Railroad company CSX and Florida State College at Jacksonville are partnering to create the CSX Hazardous Materials Training Institute near the college’s South Jacksonville campus.
Online research finds that the institute will focus on training first responders to handle rail-related hazardous materials emergencies.
The city issued a permit July 29 for site clearing and to build railroad tracks on FSCJ-owned property at 2700 Fire Fighter Memorial Drive. Cranemasters is the contractor for the $358,840 project on property north of the campus.
Cranemasters, based in North Chesterfield, Virginia, provides railroad emergency and construction services.
The site is north of the campus and south of the college’s Fire Academy of the South, which trains emergency responders in the public and private sectors. Training there ranges from basic skills to advanced education and technical training, including shipboard and aircraft rescue firefighting.
Wooded land is to the east and west.
The campus is at northeast Beach Boulevard and Interstate 295.
Infrastructure consultants Arcadis of Chattanooga, Tennessee, and Arcadis US of Hanover, Maryland, are associated with the project.
Enviro Science Inc. of Plant City is an environmental consultant.
Arcadis applied to the St. Johns River Water Management District in April on behalf of FSCJ to modify 3.64 acres to accommodate three rows of railroad tracks that are 400 feet in length.
The district issued a letter June 18, 2025, modifying the permit for site improvements to include the three rows of railroad tracks; one row of 120 feet of track at the northeast entrance of a roundabout; access paths; installation of grates; relocation of a highway cargo tank, propane tank and compressed gas; and more.

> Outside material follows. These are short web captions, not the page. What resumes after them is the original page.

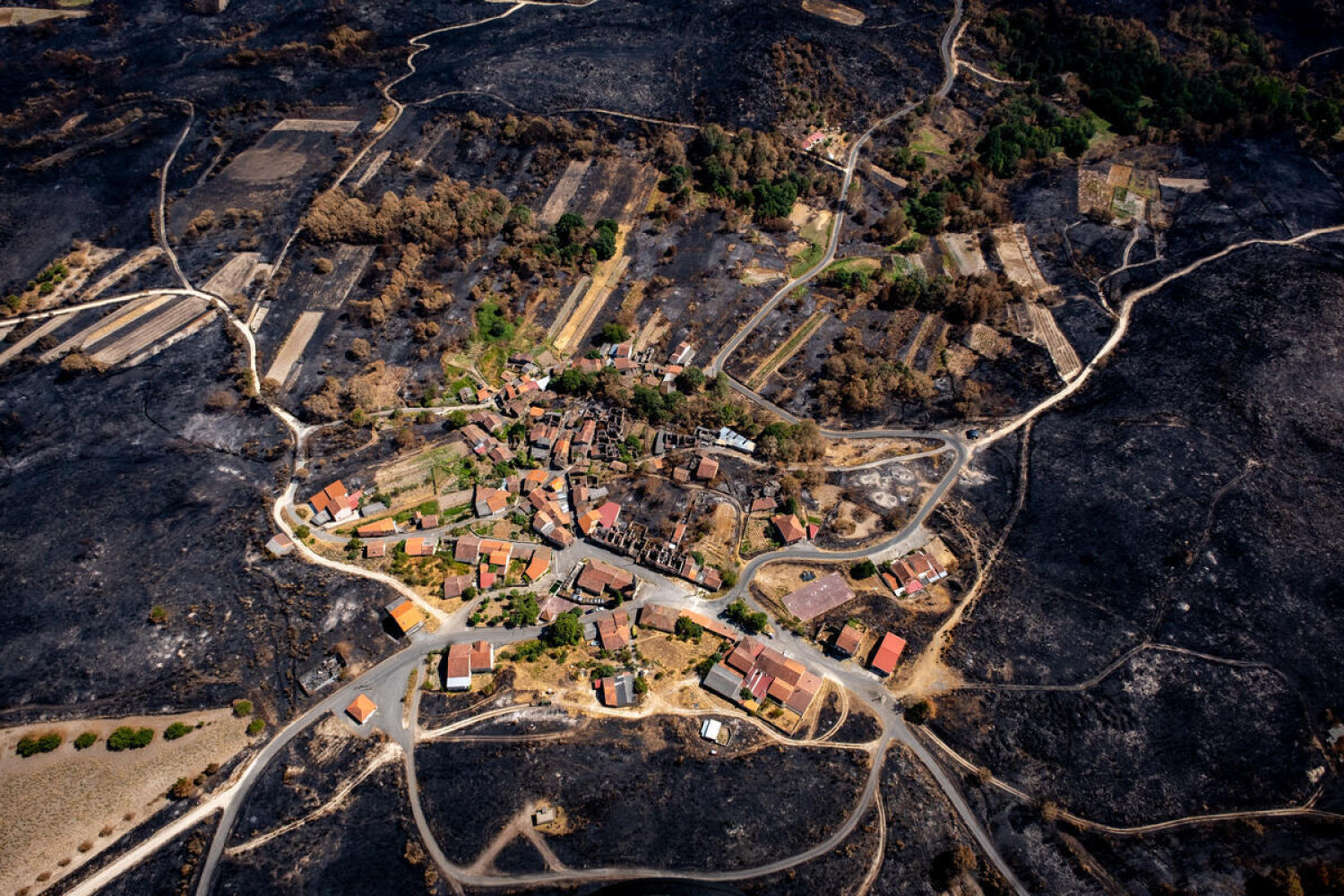 A 16-day heatwave has exacerbated the fires that have ravaged Spain, making this summer one of the worst on record.
This is the toll of the flames in recent weeks, which have destroyed almost 400,000 hectares. Greenpeace Spain, with the help of photographer Pedro Armestre, has documented the extent of the destruction from the air, even reaching areas that have not been photographed until now.
These three are not only the largest wildfires of the summer, but also among the biggest in the area’s history: Larouco (30,000 hectares), Chandrexa de Queixa and Vilariño de Conso (19,000 hectares), and Oímbra and Xinzo de Limia (17,000 hectares).”
La presencia de una ola de calor de 16 días de duración ha agravado los incendios que han asolado España, convirtiendo este verano en uno de los peores de la historia desde que hay registros. Este es el balance de las llamas de estas últimas semanas, que han arrasado casi 400.000 hectáreas. Greenpeace, de la mano del fotógrafo Pedro Armestre, ha documentado desde el aire la magnitud de la destrucción, llegando incluso a zonas no fotografiadas hasta ahora.
Estos tres son los mayores fuegos del verano y también de la historia de la Comunidad: Larouco (30.000 hectáreas), Chandrexa de Queixa y Vilariño de Conso (19.000 hectáreas) y Oímbra y Xinzo de Limia (17.000 hectáreas).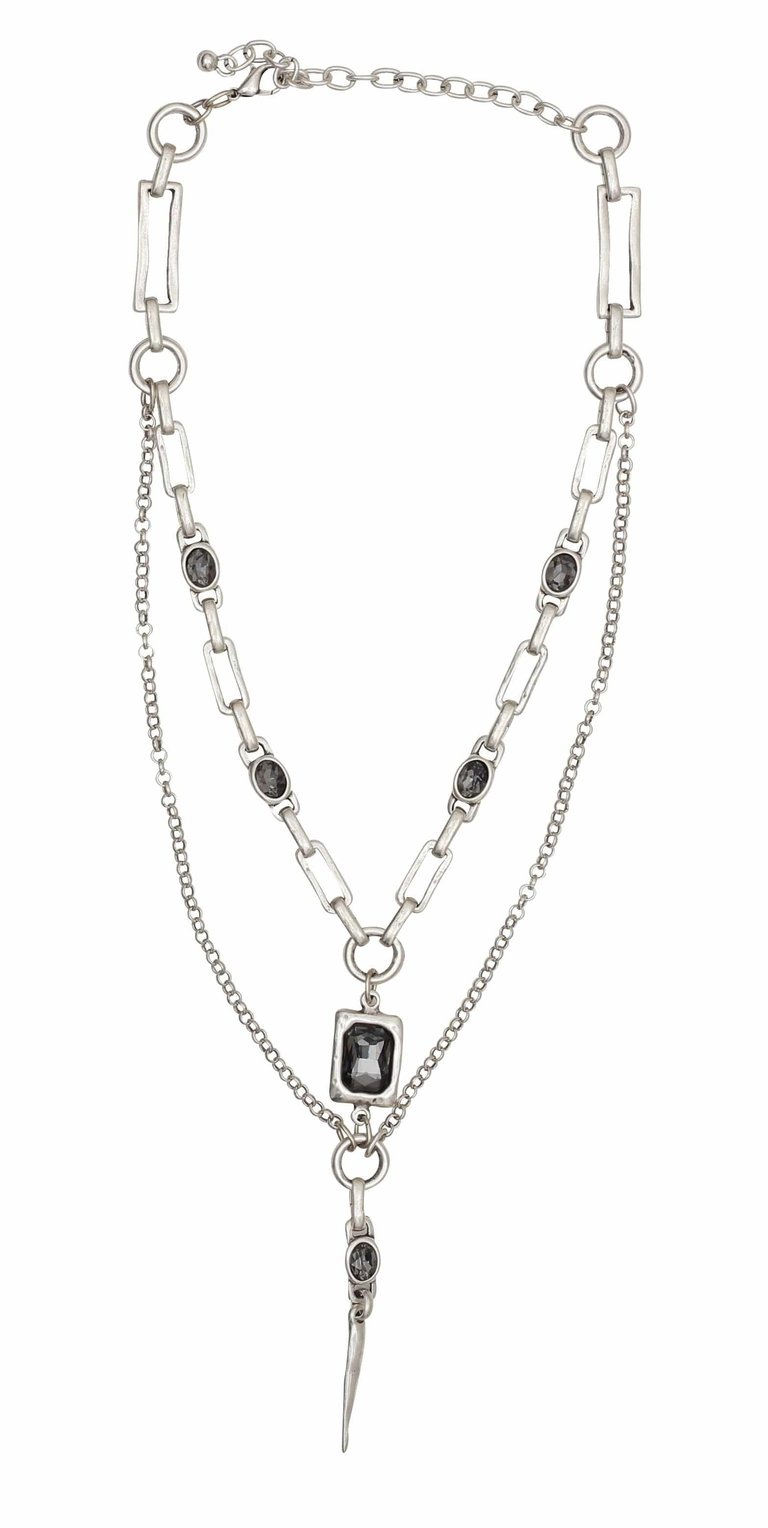 Jelavu Necklace With Crystal - Silver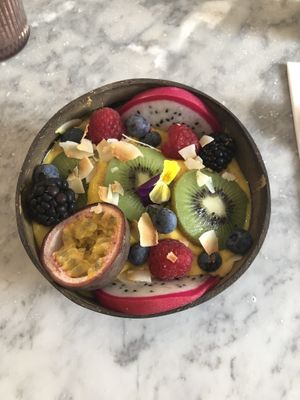 Tropical smoothie bowl at Redemption - Shoreditch in East London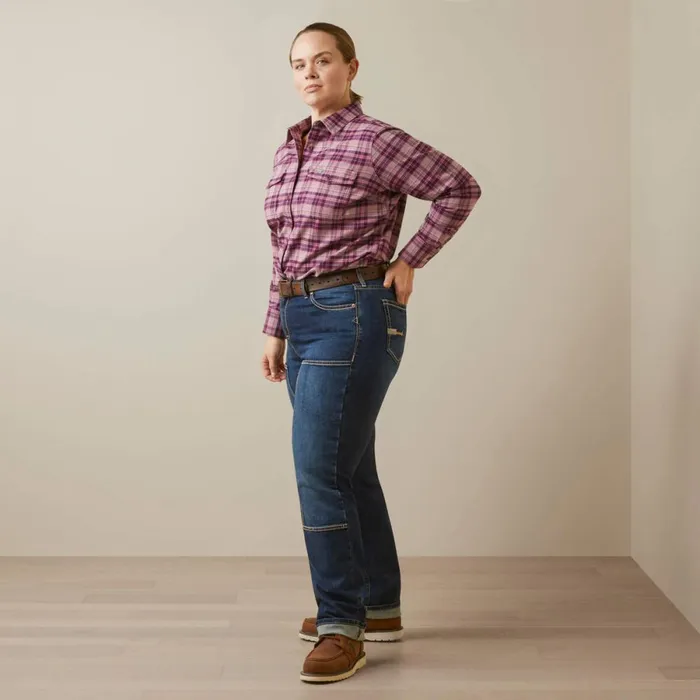 Rebar Flannel DuraStretch Work Shirt Potent Purple Plaid Women Ariat TShirts and Tops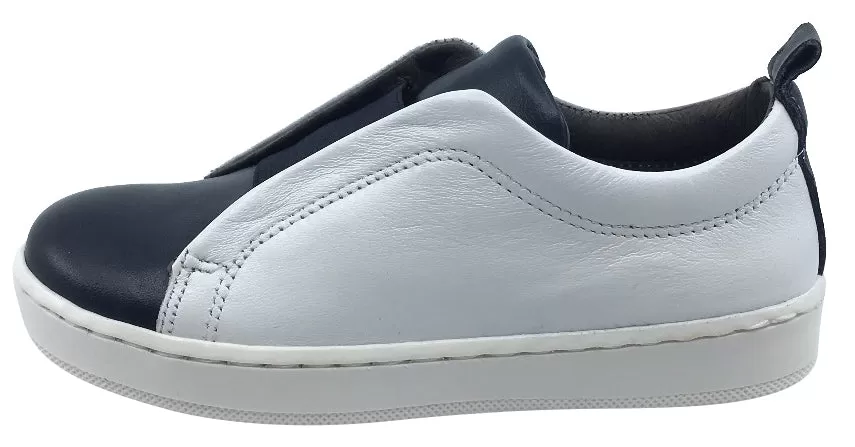 BluBlonc Boy's & Girl's White and Navy Leather with Elastic Middle Sneaker Shoe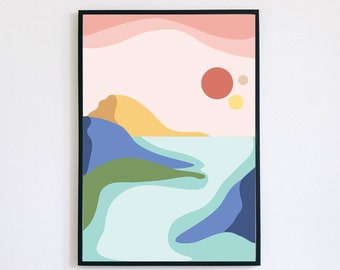 Mountains and Sea, Abstract Wall Art, Printable Minimalist Wall Art, Sunset over the Sea, Island Wall Art, Nursey Wall Art, Celestial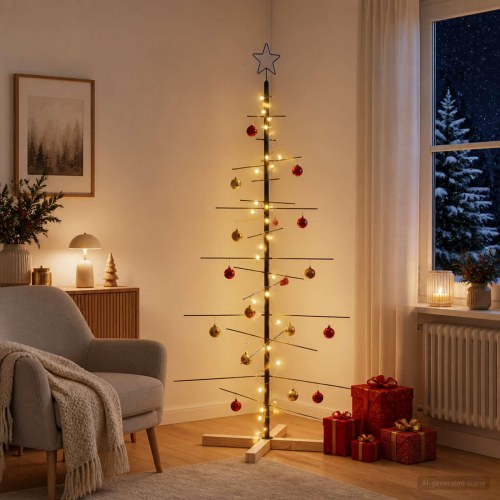 Metal juletræ KUOPIO 150 cm med varm hvid LED - sort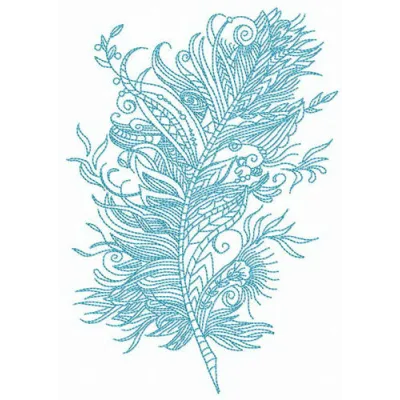 Preview of a soft feather embroidery design featuring delicate stitching patterns ideal for various fabric projects.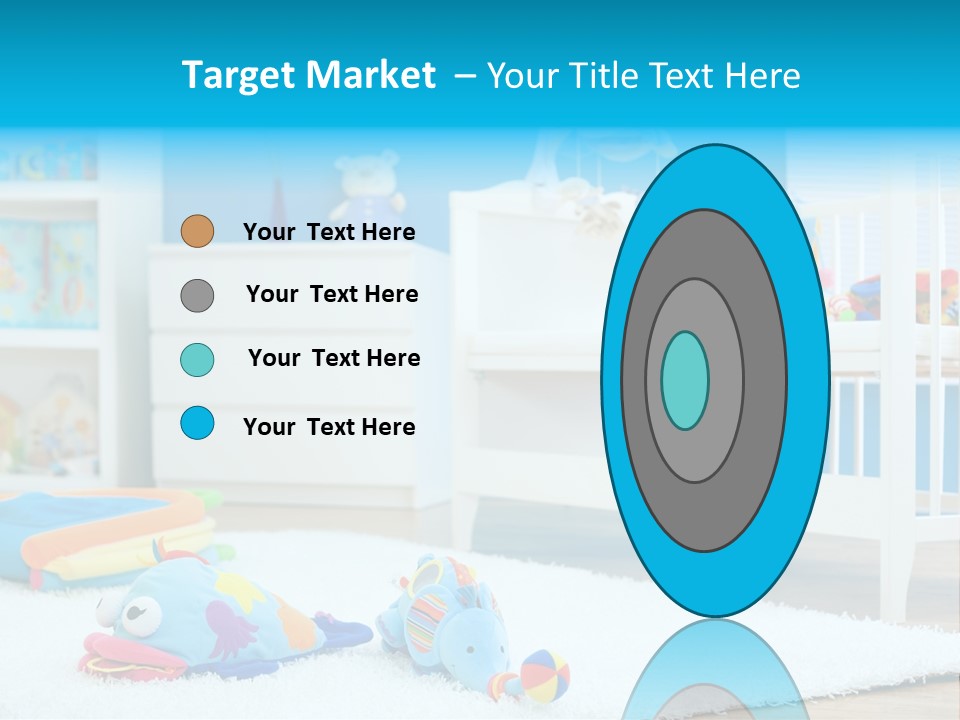 Crib And Soft Baby Toys At Children's Room. Toys Are Officially Property Released. PowerPoint Template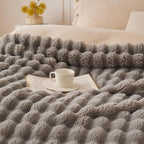 COOVA Faux Fur Throw Blanket for Couch, Cozy Soft and Fuzzy Plush Rabbit Fur Bubble Blanket for Sofa Bedroom Living Room, 60x80 Inches Grey
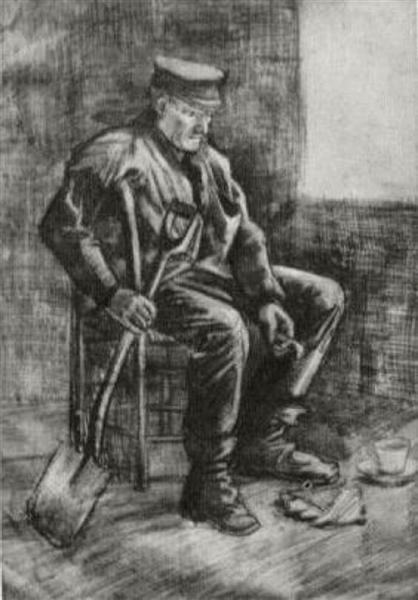 Workman with Spade, Sitting near the Window, 1883 - Винсент Ван Гог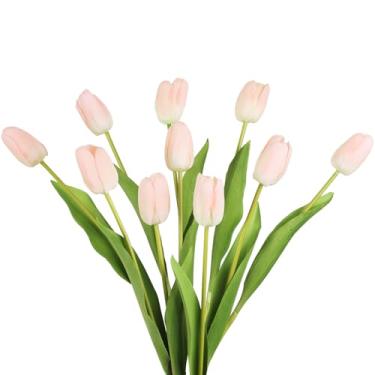 Imagem de IPOPU 10 peças de tulipas rosa claro de toque real, flores artificiais de 48 cm, tulipas falsas, sensação real, flores de primavera, para festa de casamento, Páscoa, casa, cozinha, jardim, decoração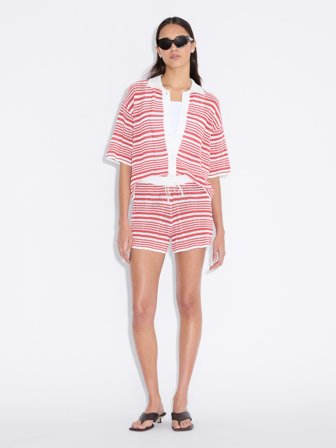 Holzweiler Kelp Striped Shorts - Red Stripe - Women's - S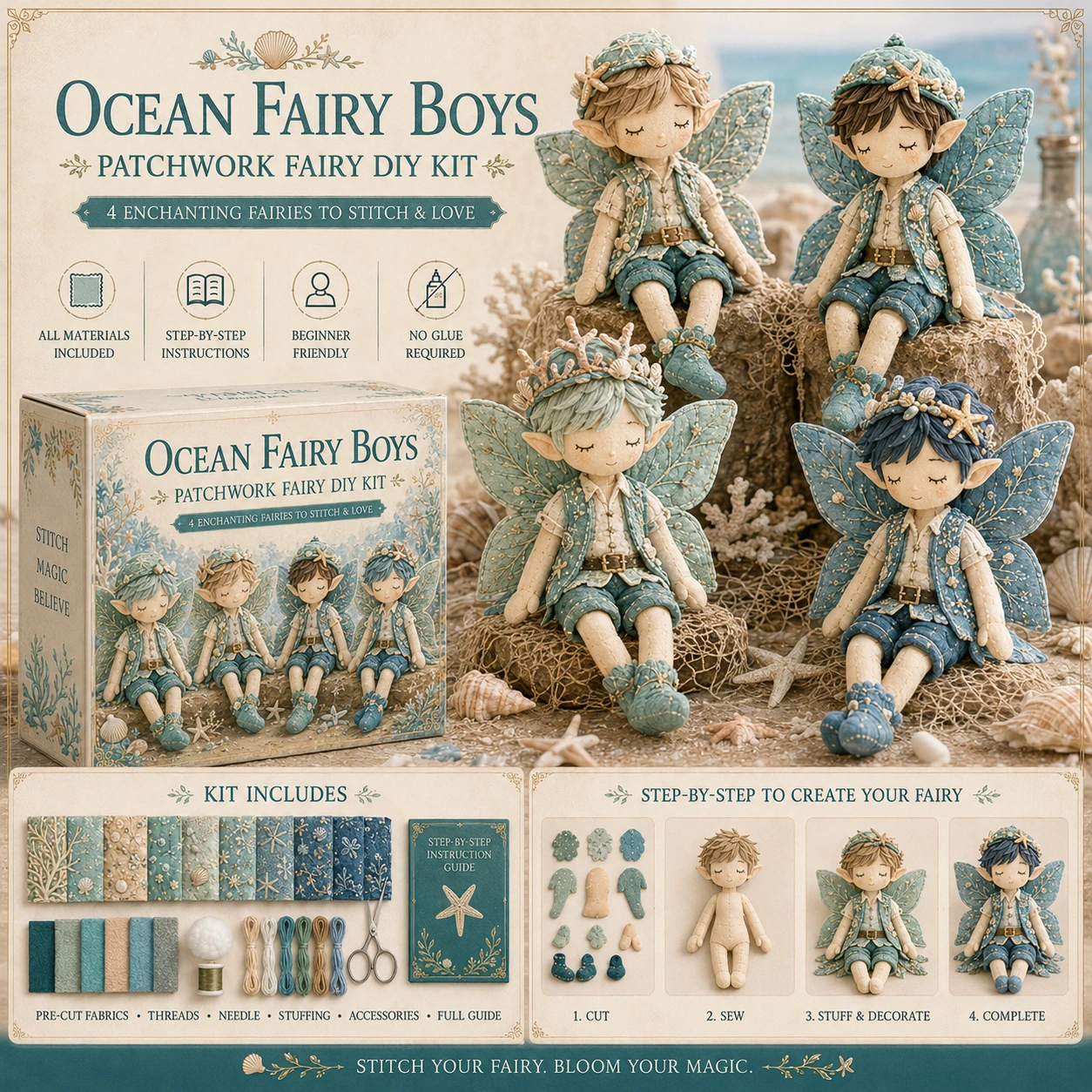 Fairy Boys Patchwork DIY Kit ✨ Make 4 Tiny Fairy Boys By Hand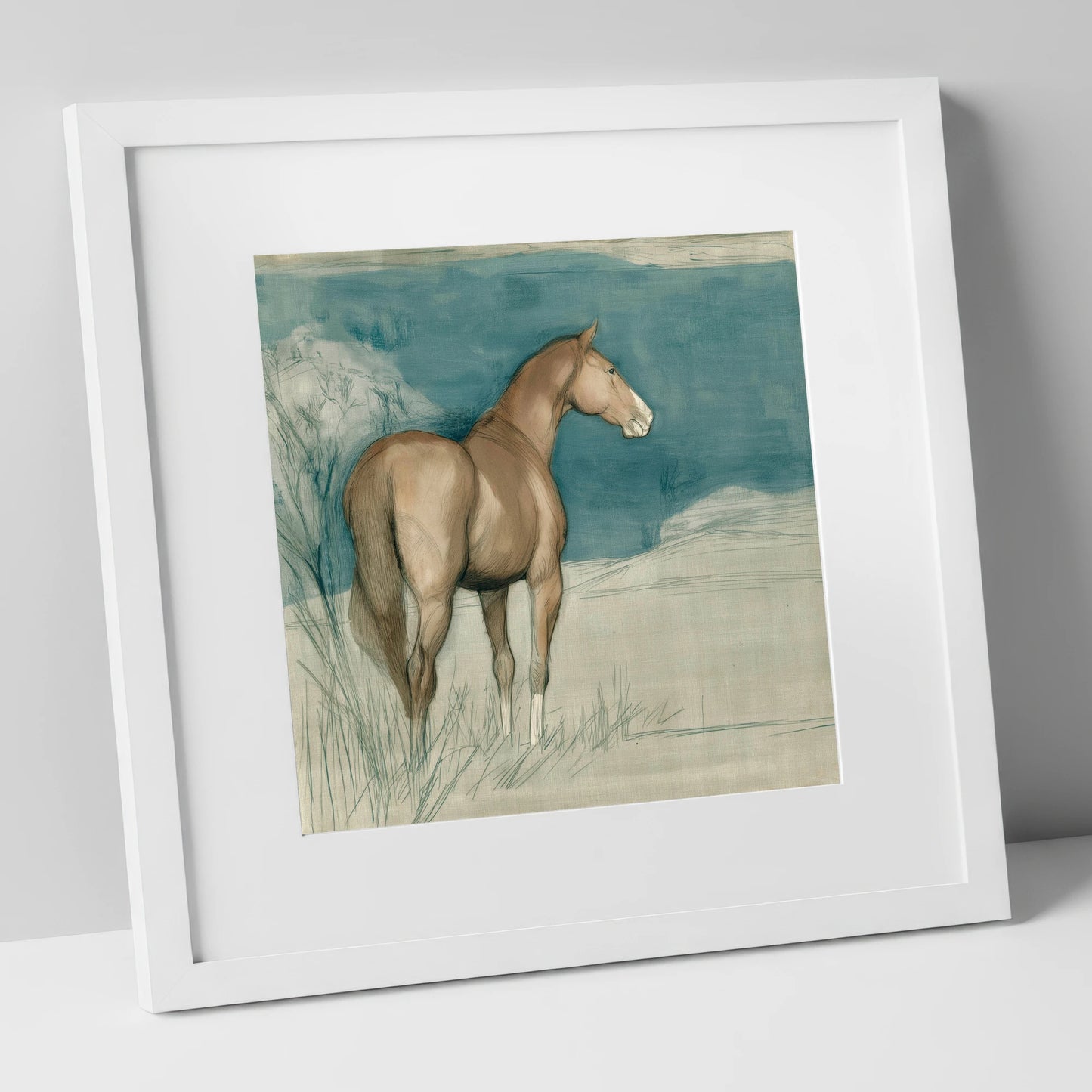 The Quiet Glance horse portrait art print in white frame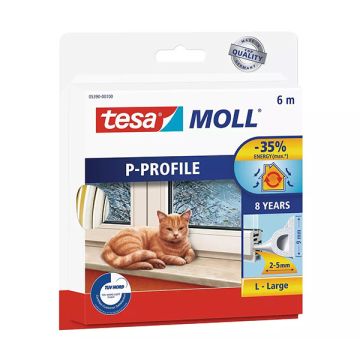 Tesa TesaMoll Classic P-profiel tochtstrip wit 6 m x 9 mm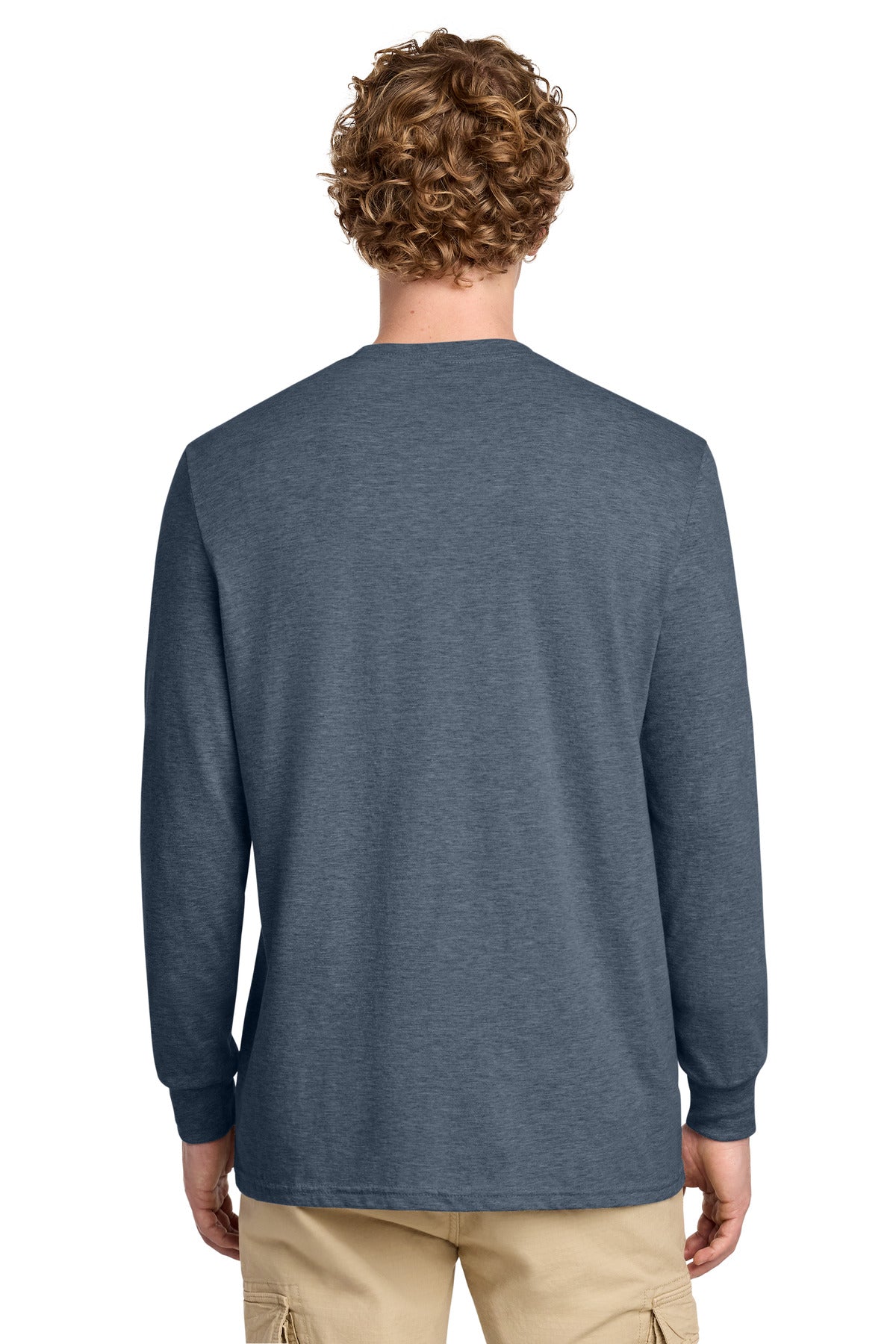 District Perfect Blend CVC Long Sleeve Tee - Heathered Navy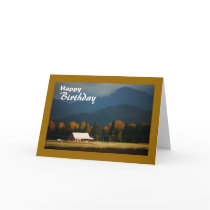 Old Farmhouse in Autumn Sunshine, Happy Birthday Card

The area will be covered with ballast.
All railroad tracks will be installed with the standards of CSX Transportation Inc., the operating railroad part of the business.
The project is described as a mock railroad firefighting training facility.
FSCJ Chief Communications Officer Jill Johnson said July 31 that the college will “build on our partnership with CSX” and looks “ahead to the opportunities this collaboration will create.”
CSX had no comment.
FSCJ already posts at fscj.edu that it offers a Hazardous Materials Specialist Technical Certificate that trains students to enter careers involved with the investigation and remediation of uncontrolled hazardous waste sites as well as response to an accident involving hazardous materials.
Graduates are expected to identify methods and procedures for recognizing, evaluating and controlling hazardous substances and also learn to identify appropriate regulations and action levels to ensure worker health and safety.
Graduates put into practice government regulations and compliance and maintain records required by the Occupational Safety and Health Administration, Environmental Protection Agency and Department of Transportation.
FSCJ says the advisory board includes CSX, JEA, OSHA, DOT, the Army Corps of Engineers and St. Johns River Water Management District and others.